Marcie Palmer has seen plenty of wildlife in her Kennydale neighborhood. She’s seen coyotes, deer, possums and raccoons. Last summer a cougar was spotted in lower Kennydale. But April 23 was the first Kennydale bear sighting for the City Council member and many of her neighbors.
Kennydale Elementary was abuzz with tall tales when Palmer dropped her son off at school just before 9 a.m. She kept hearing talk of a bear, and at first thought someone at school was dressed in costume. After all, Kennydale’s mascot is the Kodiak bear. But then the students said the bear was outside.
“The kids were telling us there was a bear sighting and a SWAT team over on 16th,” Palmer recalls. “The kids and even the staff were confused. There was a lot of excitement and wild stories going on. Kids were saying they can’t go out to recess because of the bear.”
A school bus stop was moved out of the bear’s path, and police sectioned off Northeast 16th Street from about Aberdeen Avenue Northeast to Dayton Avenue Northeast.
Palmer rushed to Northeast 16th Street and Blaine Avenue Northeast, where a 250-pound black bear was up a tree, surrounded by about 20 Renton firefighters, police officers, an Animal Control officer and Bruce Richards, officer for Washington state Department of Fish and Wildlife.
Renton police first received a call about the Kennydale bear from Robbin Schoonmaker just before 6 a.m. Schoonmaker spotted the bear in her yard when she went outside to tend to her barking dog. She called 911.
“I said, ‘I don’t know if this is an emergency, but there’s a huge black bear in my yard,’” Schoonmaker says.
The bear left her yard. She didn’t hear anything about it for about an hour and a half, when she took her son to school.
“I heard cars screeching,” Schoonmaker says. She thought, “Oh my gosh, there’s a bear in the Renton Highlands.”
Schoonmaker lives at Northeast 16th Street and Aberdeen Avenue Northeast.
From Schoonmaker’s house, police say the bear ran down Aberdeen. Palmer says she heard a Kennydale Elementary boy say he then spotted the bear at the Safeway about half a mile away. The bear then wound up high in the Northeast 16th Street cedar tree.
Fish and Wildlife officer Richards climbed a Renton fire truck ladder about 80 feet up the tree and shot two tranquilizer darts into the bear. He then roped one of the bear’s legs, which wasn’t easy.
“I had a hard time putting a rope on a bear that kind of wants to bite you,” he says.
The darts made the bear woozy, and he tipped over backward onto a tarp net below the tree.
It was gravity that brought the bear down, jokes Jeff Vollandt, a Renton firefighter with the city’s technical rescue team.
But even gravity wasn’t enough to finish the bear. Richards, the wildlife officer, had to inject tranquilizers into the bear twice more after his fall from the tree.

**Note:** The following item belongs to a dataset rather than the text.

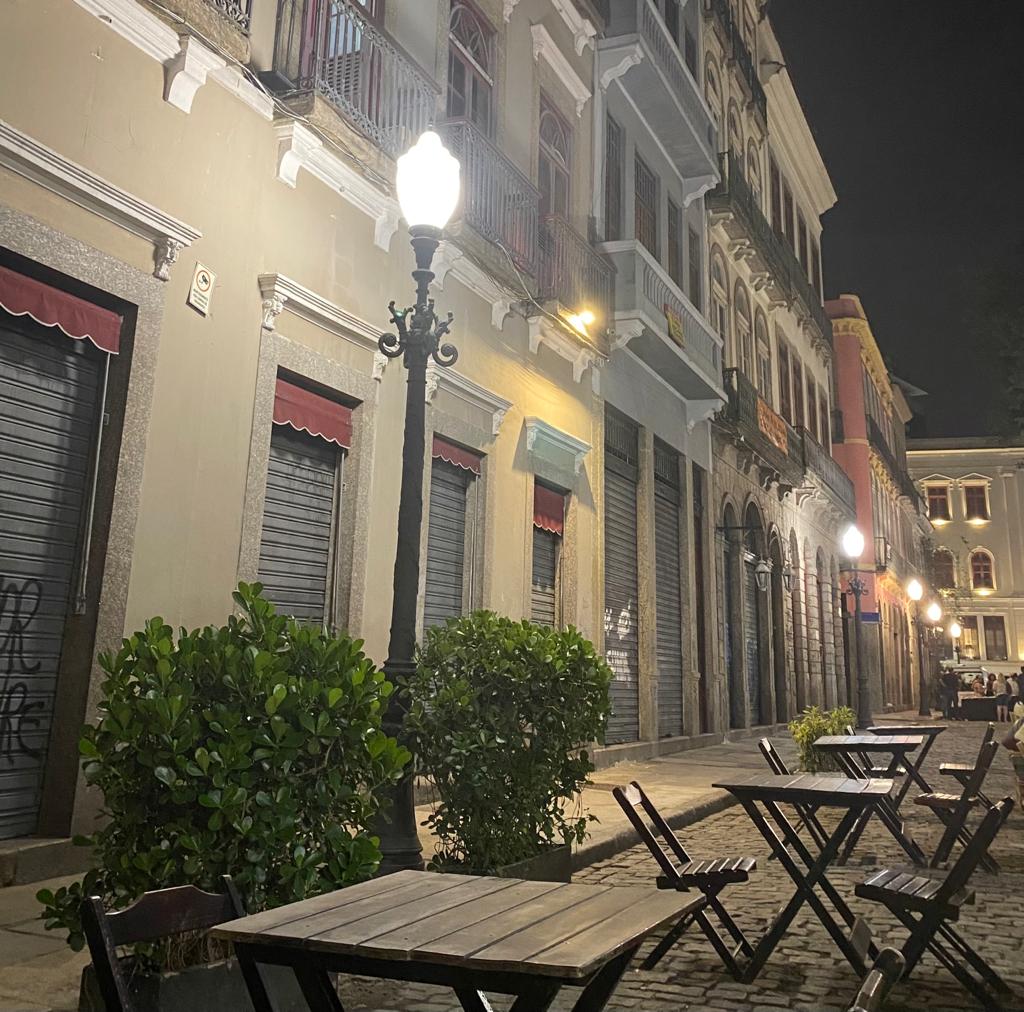 Foco no Centro: prefeitura recupera tradicionais luminárias de 30 ruas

“It took quite a bit,” Richards says. “Even when he came down from the tree he was still going.”
Several police and fire officers then rolled the bear in the tarp and loaded him into an animal control truck. It took six men to lift the bear, Palmer says. The job wasn’t finished until about 9:30 a.m.
Palmer was just one of the spectators at the tree, which stands in the yard of a Kennydale home.
“The homeowners were standing out there with their mouths hanging open,” Palmer says.
Many of the firefighters and police officers weren’t any different, Palmer adds.
“I just got a kick out of the officers,” she says. “All the public safety officials were just so stunned. They’re human, too.”
Palmer snapped photos of the bear from about five feet away. That was the closest she’s been to a bear.
Renton firefighter Jeff Vollandt hasn’t seen many bears up close either. He saw a bear once, in the late 1980s, when growing up in Newcastle, but never like this.
“This is one of those things you only see once in a career,” he says. “You don’t see a bear in areas like this, you just don’t. It’s kind of out of the ordinary. It’s nice to do something different.”
Fish and Wildlife officer Richards has seen more than one bear in his career. But not in neighborhoods like Kennydale. Controlling the Kennydale bear was especially tricky.
“It was an ordeal,” Richards says. “It was something I don’t normally do with ladder trucks and the whole thing.”
Richards says the bear is about four or five years old, and probably came from May Valley. He is one of the first to come out of hibernation.
The bear is now secured in a bear trap – basically a big pipe – in the yard of Richards’ Enumclaw home. He plans to have the bear checked for injuries at PAWS and then take him back to the wild. But not until the weather warms, melting the snow in the mountains and giving the bear access to food.
“I’d take him quite a ways away, a long, long ways, or he would probably come back,” Richards says. “The trouble is a long, long ways away, all there is is snow. There’s not the right conditions to putting the bear out now.”